SOURCE MATERIAL:
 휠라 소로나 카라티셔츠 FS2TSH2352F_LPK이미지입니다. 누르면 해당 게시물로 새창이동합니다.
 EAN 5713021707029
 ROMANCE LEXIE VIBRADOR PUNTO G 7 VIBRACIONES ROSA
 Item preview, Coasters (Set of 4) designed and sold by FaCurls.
---
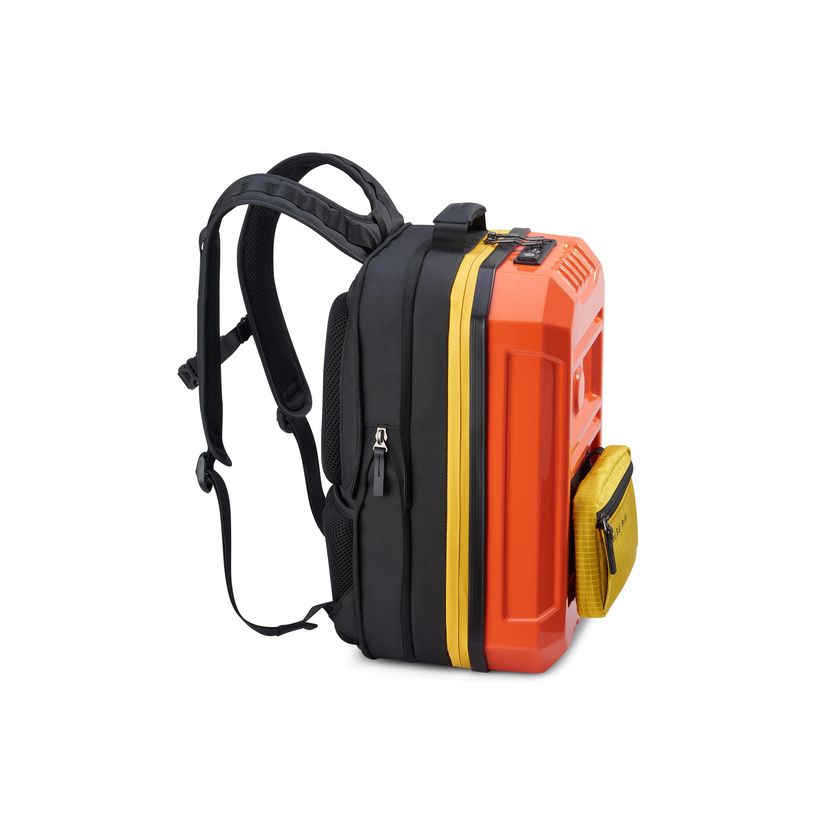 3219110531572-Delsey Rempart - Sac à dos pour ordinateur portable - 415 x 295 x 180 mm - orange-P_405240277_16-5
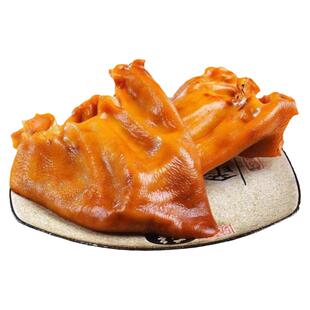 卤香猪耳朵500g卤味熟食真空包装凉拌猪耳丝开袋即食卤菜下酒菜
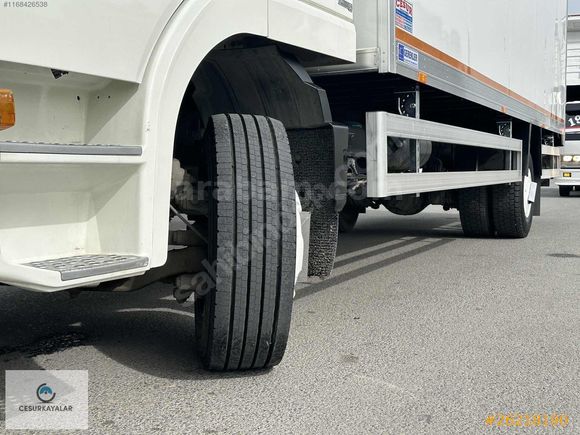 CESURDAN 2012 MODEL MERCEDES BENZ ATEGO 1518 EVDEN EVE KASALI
...
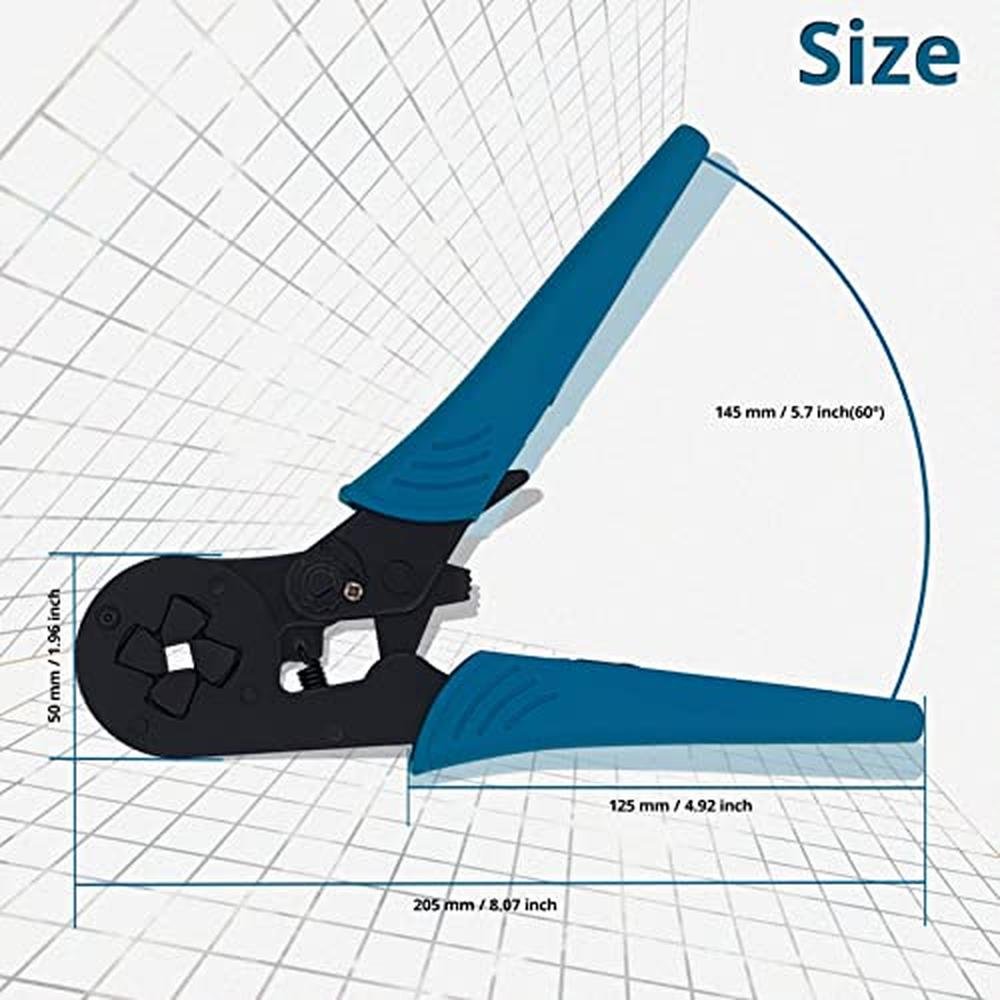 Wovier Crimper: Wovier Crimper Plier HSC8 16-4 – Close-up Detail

THE TASK: Return word for word the lines of the listing above, starting at the line with "卤香猪耳朵500g卤味熟食真空包装凉拌猪耳丝开袋即食卤菜下酒菜" and ending at the line with "CESURDAN 2012 MODEL", both included. Pictures do not belong in the copy.

SOLUTION FOR THIS EXERCISE:
 卤香猪耳朵500g卤味熟食真空包装凉拌猪耳丝开袋即食卤菜下酒菜
 CESURDAN 2012 MODEL MERCEDES BENZ ATEGO 1518 EVDEN EVE KASALI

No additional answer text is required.